Joyce Lee, M.D., M.P.H.
Associate Professor, Department of Pediatrics and Communicable Diseases
Associate Professor, Environmental Health Sciences
Tel: 734-936-9360; Fax: 734-764-2599
Joyce Lee is a pediatrician, diabetes specialist, and clinical and health services researcher. She is very interested in the notion that human centered design and design thinking combined with emerging technologies such as mobile technology, data visualization, and social media can transform the research enterprise and the delivery of clinical care.
She attended Brown University for her undergraduate education, the University of Pennsylvania for her medical degree, where she was elected to the Alpha Omega Alpha Honors Society, and she completed her internship and residency in General Pediatrics at the Boston Combined Residency Program (Children's Hospital, Boston, and Boston Medical Center). She is one of few individuals across the country who has completed dual training in Pediatric Endocrinology and Pediatric Health Services Research. In addition, she received her Master in Public Health degree from the Department of Health Management and Policy at the University of Michigan.

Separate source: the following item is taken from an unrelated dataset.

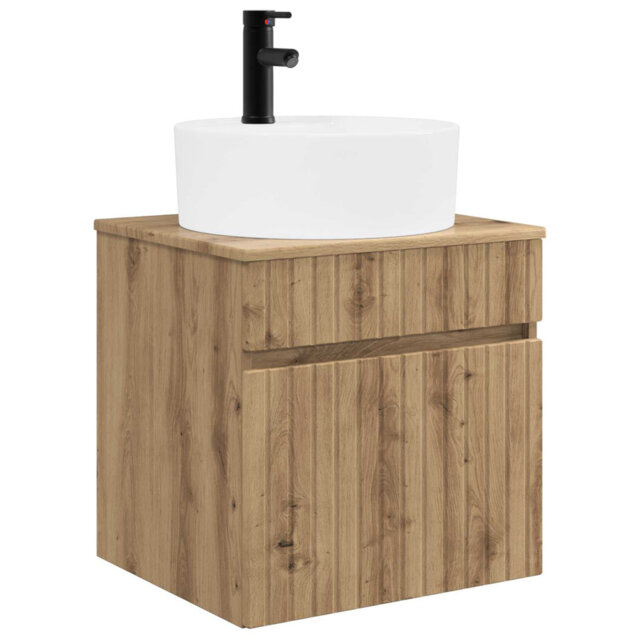 Single Bathroom Vanity with Ceramic Basin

Lee is the principal investigator on several NIH-funded studies focusing on childhood obesity, and on type 2 diabetes risk. To study obesity and diabetes, she incorporates a variety of methodologies, including cross-sectional and longitudinal epidemiologic analyses, transition state modeling techniques, agent based modeling techniques, applied clinical research, and cost-effectiveness analysis.
She co-directs the Program in Mobile Technology for Enhancing Child Health, which has the goal of creating mobile technology systems that can enhance chronic disease adherence in children, with a specific focus on adolescents with type 1 diabetes. In addition, in June 2013, she was appointed as the first Social Media Editor for JAMA Pediatrics.
M.P.H., University of Michigan, 2006
M.D., University of Pennsylvania, 2000
Research Interests & Projects
Dr. Lee's research focuses on the epidemiology of diabetes (type 1 and type 2) and obesity in children, health outcomes and quality of life for children with diabetes, and the link between childhood obesity and its long-term endocrine consequences, including pubertal maturation and development of diabetes over the life course.